In this specification, each embodiment is described in a related manner, and identical and similar parts of each embodiment are all referred to each other, and each embodiment mainly describes differences from other embodiments. In particular, for an apparatus, an electronic device, a computer readable storage medium, a computer program product embodiment, the description is relatively simple, as it is substantially similar to the method embodiment, as relevant see the partial description of the method embodiment.

The foregoing description is only of the preferred embodiments of the present invention and is not intended to limit the scope of the present invention. Any modification, equivalent replacement, improvement, etc. made within the spirit and principle of the present invention are included in the protection scope of the present invention.

Claims

1. An index blood margin analysis method, which is characterized by comprising the following steps:

Acquiring index data contained in the target SQL script, and acquiring source data corresponding to the index data;

2. The method according to claim 1, wherein the replacing the target fuzzy query statement according to the item data contained in the table to be queried in the target fuzzy query statement includes:

3. The method according to claim 2, wherein the step of using the SQL statement containing the target fuzzy query statement as an initial pending statement, and detecting whether the pending statement contains a sub-query statement comprises:

4. A method according to any one of claims 1-3, further comprising, prior to said traversing each SQL statement in said initial SQL script:

and performing script cleaning on the initial SQL script.

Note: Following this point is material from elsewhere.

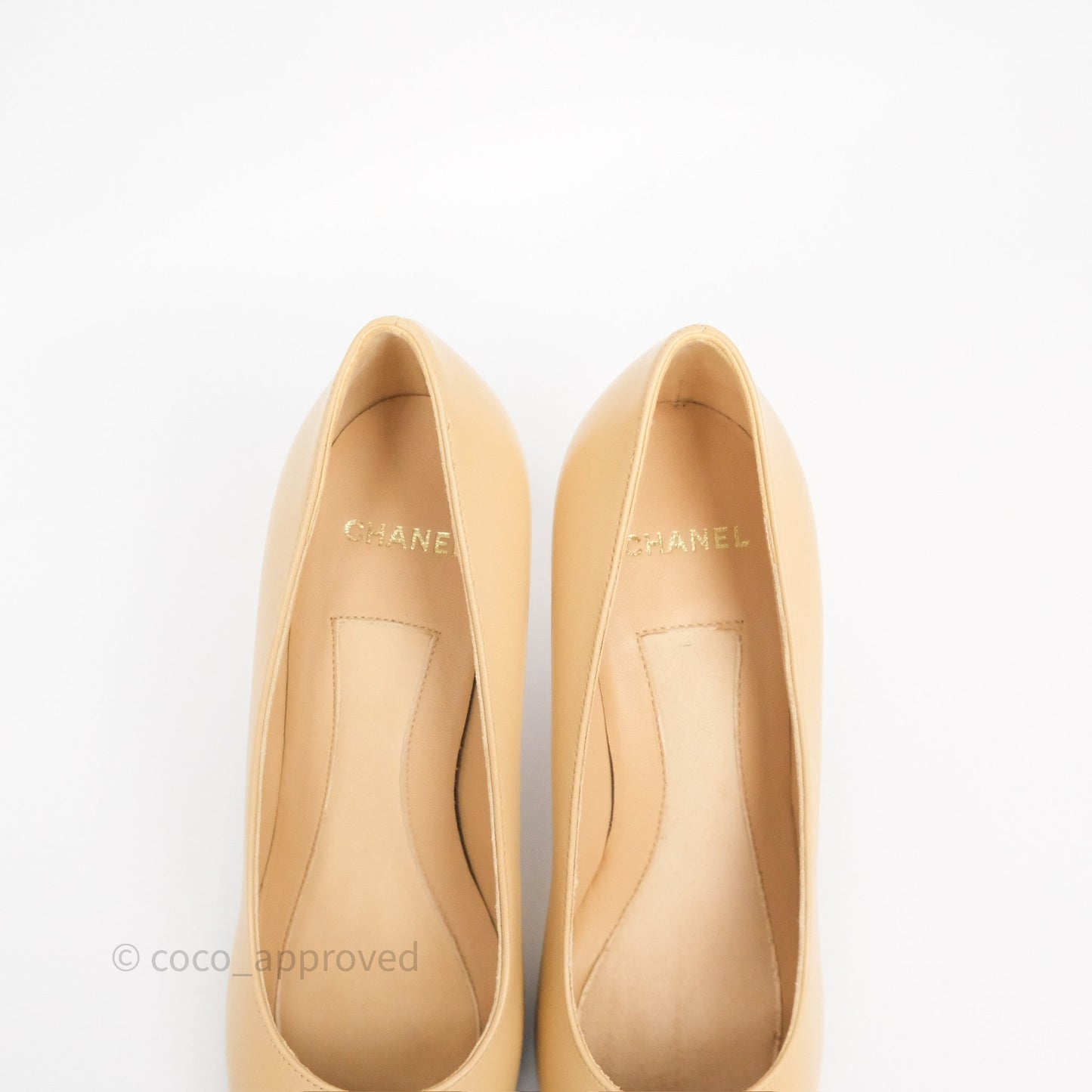 Chanel Beige Toe Pointed Black Pump Heels With Pearl Size 36.5C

5. The method of claim 4, wherein said script washing said initial SQL script comprises:

And deleting the comment field in the initial SQL script.

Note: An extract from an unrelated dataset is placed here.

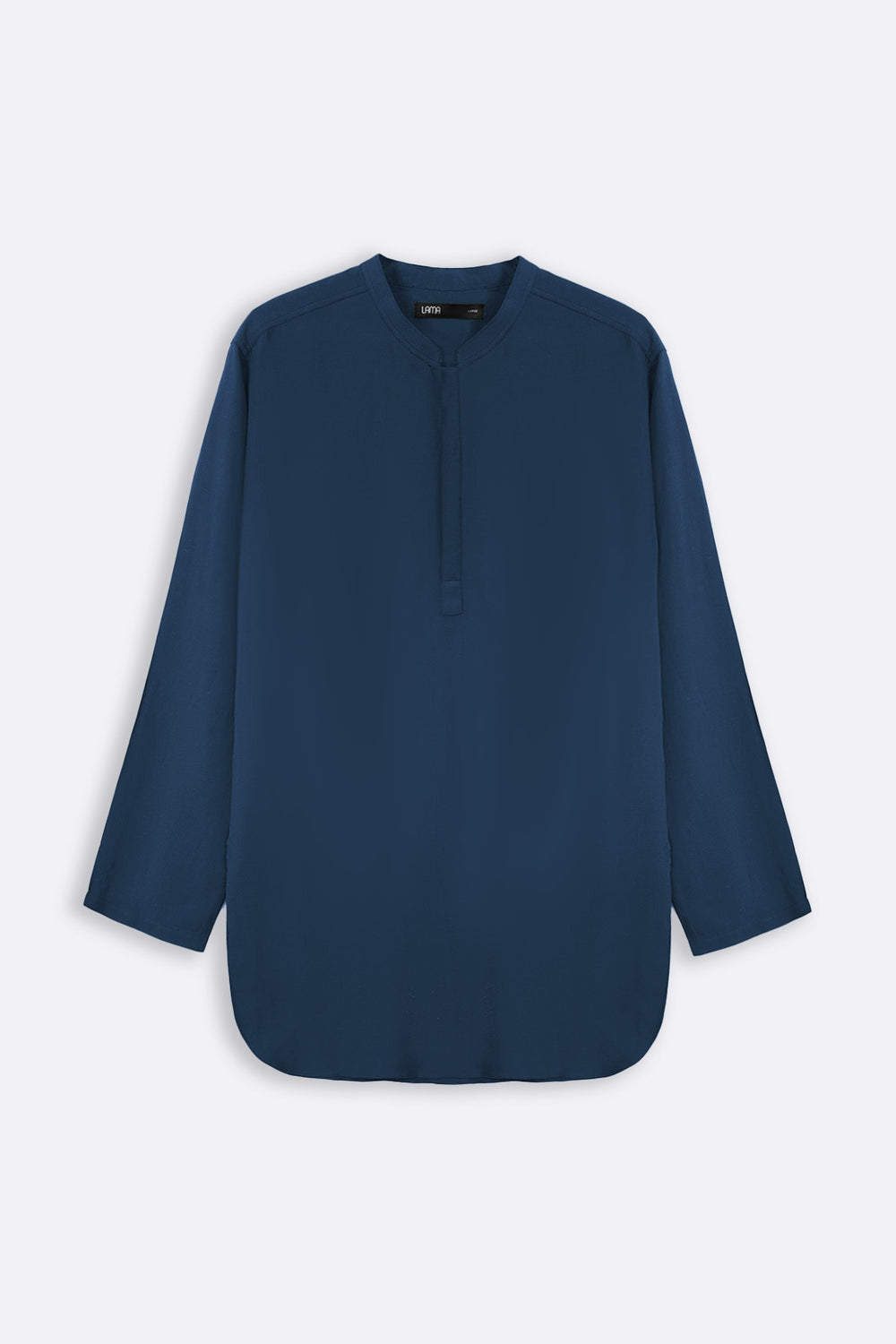MELANGE NAVY LINEN BLEND LONG SHIRT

6. The method of claim 4, wherein the step of determining the position of the first electrode is performed,

performing field matching on the initial SQL script to obtain a target field in the SQL script, wherein the target field comprises at least one of a condition field and a character string field;

Performing field replacement on the target field;

7. The method of any of claims 1-3, wherein the obtaining the index data contained in the target SQL script comprises:

8. The method of claim 7, wherein the marking the SQL statement comprises:

9. An index blood margin analyzing device, characterized in that the device comprises:

10. The apparatus of claim 9, wherein the script traversal module is configured to:

11. The apparatus according to claim 9 or 10, wherein the script traversal module is specifically configured to:

12. The apparatus according to any one of claims 9-11, wherein the apparatus further comprises:

13. The device according to claim 12, wherein the script cleaning module is specifically configured to:

And deleting the comment field in the initial SQL script.

14. The device according to claim 12, wherein the script cleaning module is specifically configured to:

The apparatus further comprises:

15. The apparatus according to any one of claims 9-11, wherein the data acquisition module comprises:

the source query module is specifically configured to:

16. The apparatus of claim 15, wherein the field marking submodule is specifically configured to:

The apparatus further comprises:

17. The electronic equipment is characterized by comprising a processor, a communication interface, a memory and a communication bus, wherein the processor, the communication interface and the memory are communicated with each other through the communication bus;

A memory for storing a computer program;

a processor for carrying out the method steps of any one of claims 1-8 when executing a program stored on a memory.

18. A computer-readable storage medium, characterized in that the computer-readable storage medium has stored therein a computer program which, when executed by a processor, implements the method steps of any of claims 1-8.